Always on the move, the Inquisition traveled to the New World, Asia and Africa in the 17th and 18th centuries, wreaking havoc in Europe’s colonies as it did at home.

Enlightenment ideas about reason and liberty began eroding inquisitorial powers in the late 1700s, but the Inquisition did not officially expire until 1870, when soldiers defied the pope, entered Rome and unified Italy.

Boiling down nearly 700 years of history to a digestible portion seems difficult, yet even at 251 pages of text, “God’s Jury” feels padded at times. Many of Mr. Murphy’s visits are primarily to gather local color. For research he relies on the painstaking work of renowned scholars like Henry Kamen, Benzion Netanyahu and Peter Godman.

There are lengthy quotations and entertaining but frequent digressions. Depending on your appetite for quirky detail, you may be delighted or irritated to learn, say, about the papal water pipes’ being encrusted with lime or that the Sumerian archives at Ebla, in what is now Syria, contain 17,000 cuneiform clay fragments.

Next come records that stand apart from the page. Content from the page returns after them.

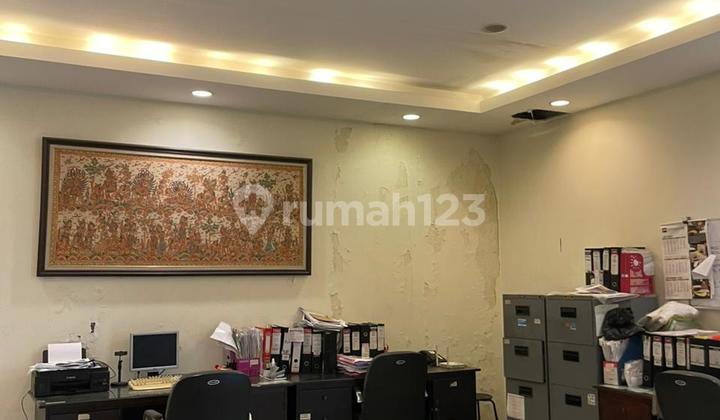 ‼️JUAL CEPAT‼️ Rumah Istimewa Nol Jalan Raya Semi Furnished Siap Huni Lokasi Karah Jambangan Surabaya Selatan 2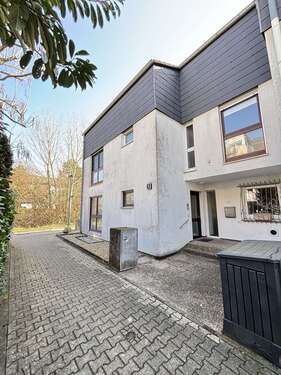 Foto - Haus zum Kaufen in Neu-Isenburg 1.100.000,00 € 253.25 m²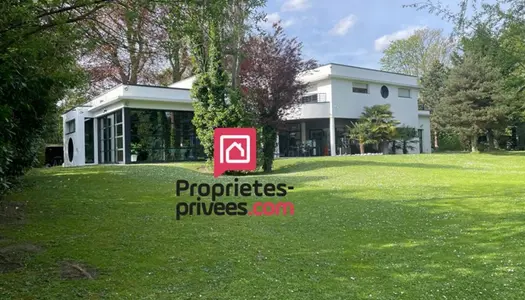 Maison 9 pièces 315 m²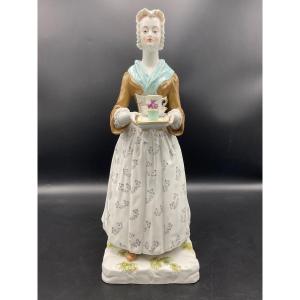 Rare Grand Modèle En Porcelaine Polychrome De La Manufacture De Meissen Représentant La Belle Chocolatière modèle de Paul Helming.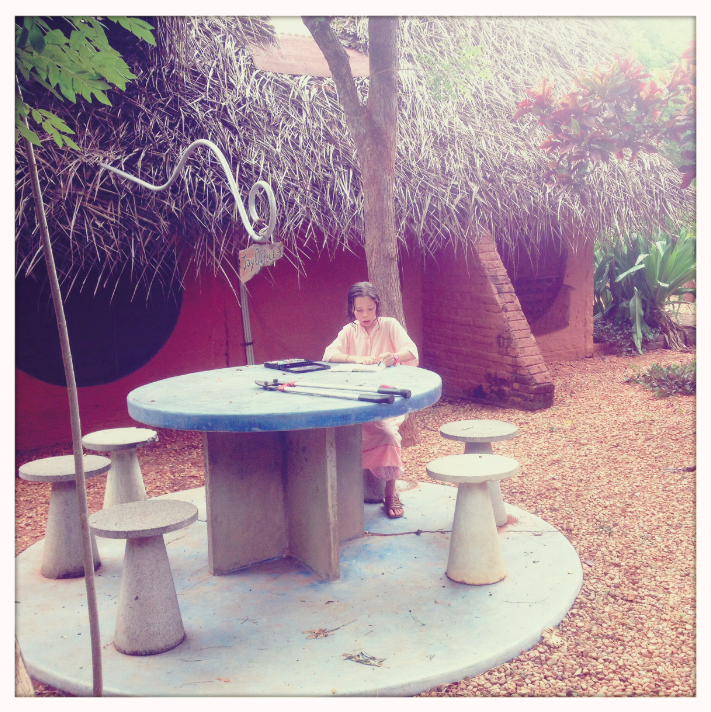 Auroville, Et la Mère créa l'Homme Nouveau Auroville, Et la Mère créa l'Homme Nouveau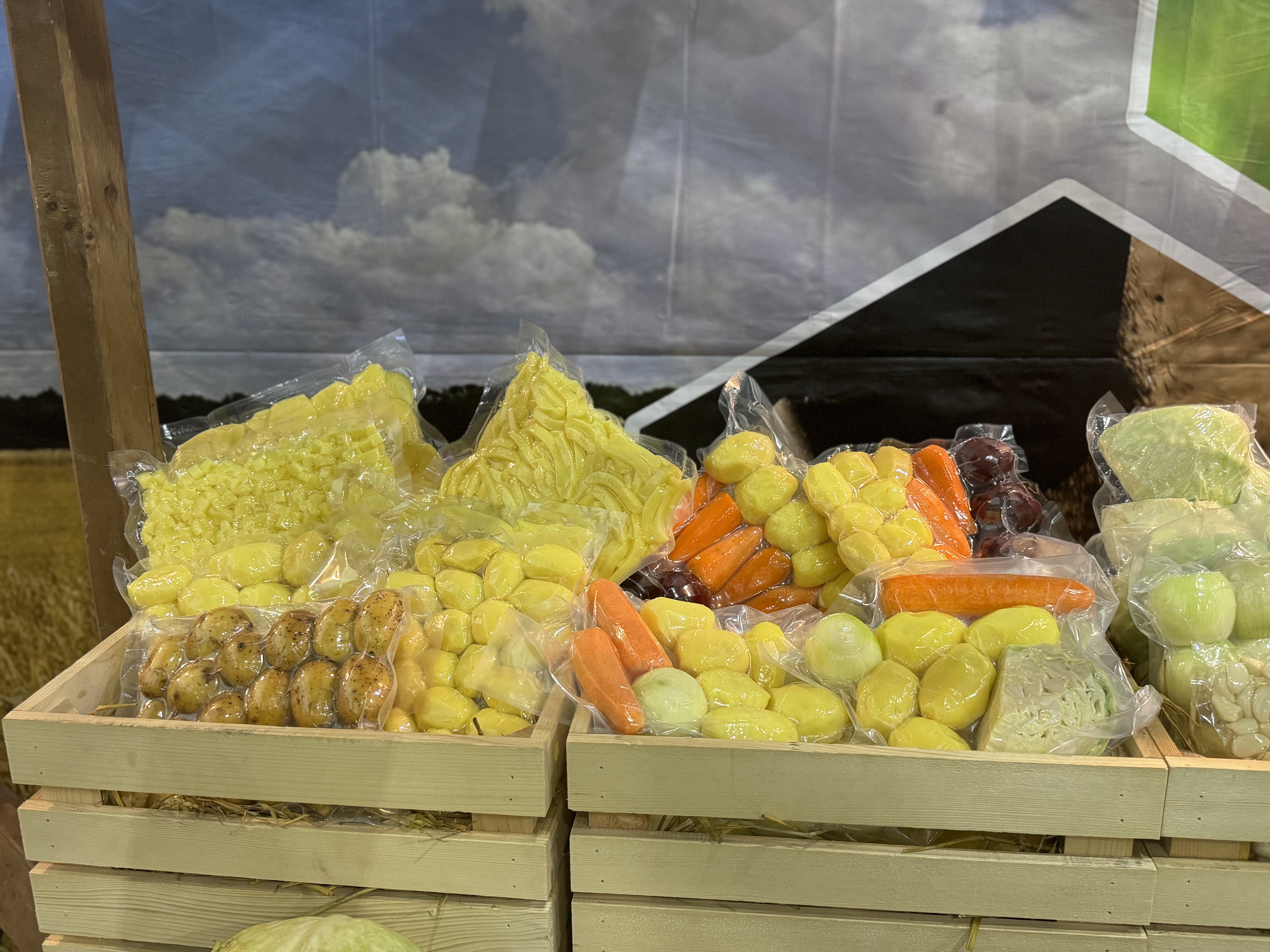 Фото «Родные поля»: vitrina ovoshi vakuum korobki fon nebo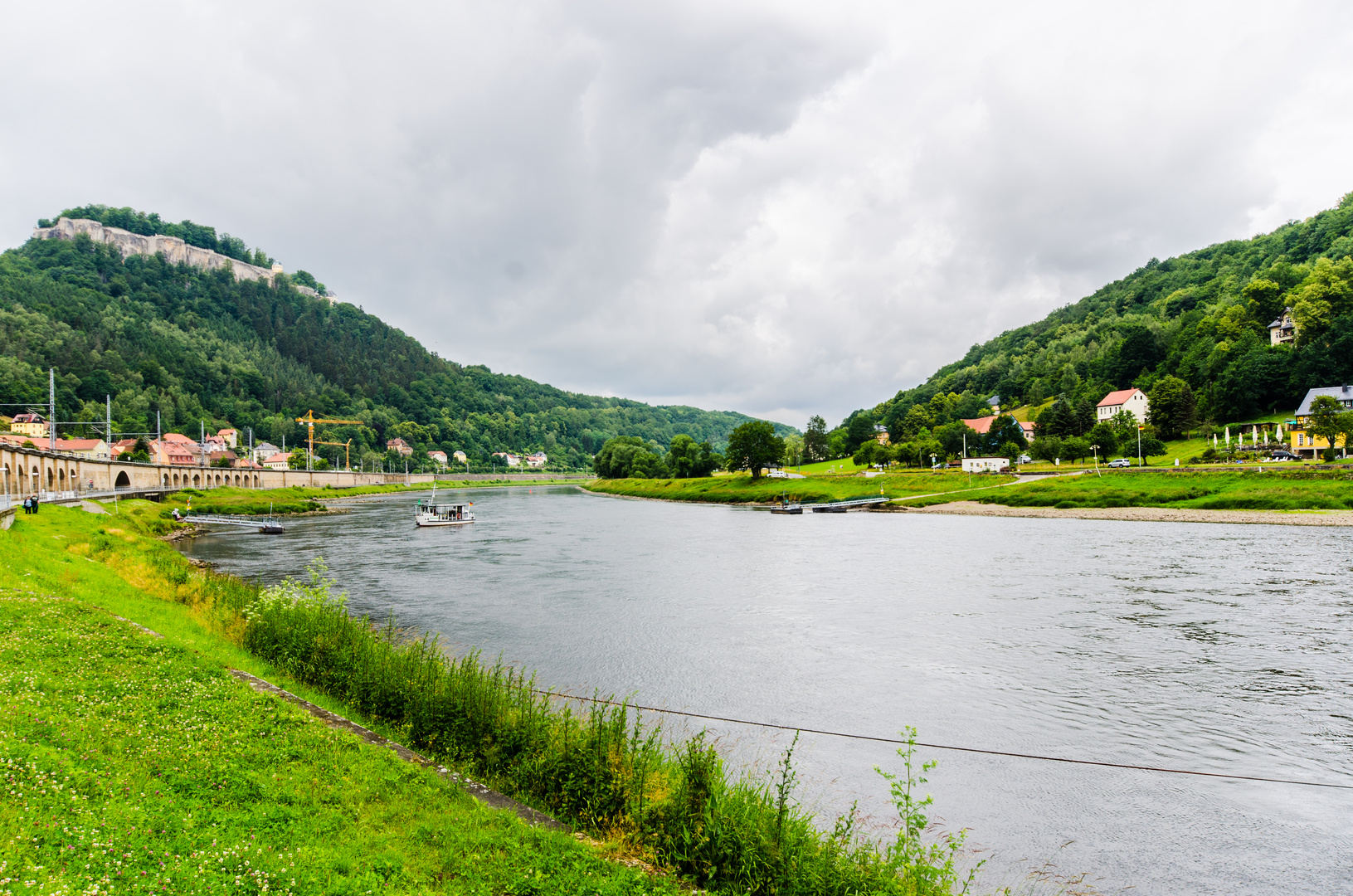 Die Elbe unterhalb der Festung Königstein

Mr. Murphy is at his best when he demonstrates the eerie resonance of the Inquisition today. More than cruelty and lust for power, the plodding tedium of bureaucracies, which take on a life of their own, are the engines of inquisitions. With their “myopic imperatives and petty ambitions and animosities,” he notes, they can deliver the wonders of the modern world as well as its horrors. It’s not evil that is banal, but its machinery.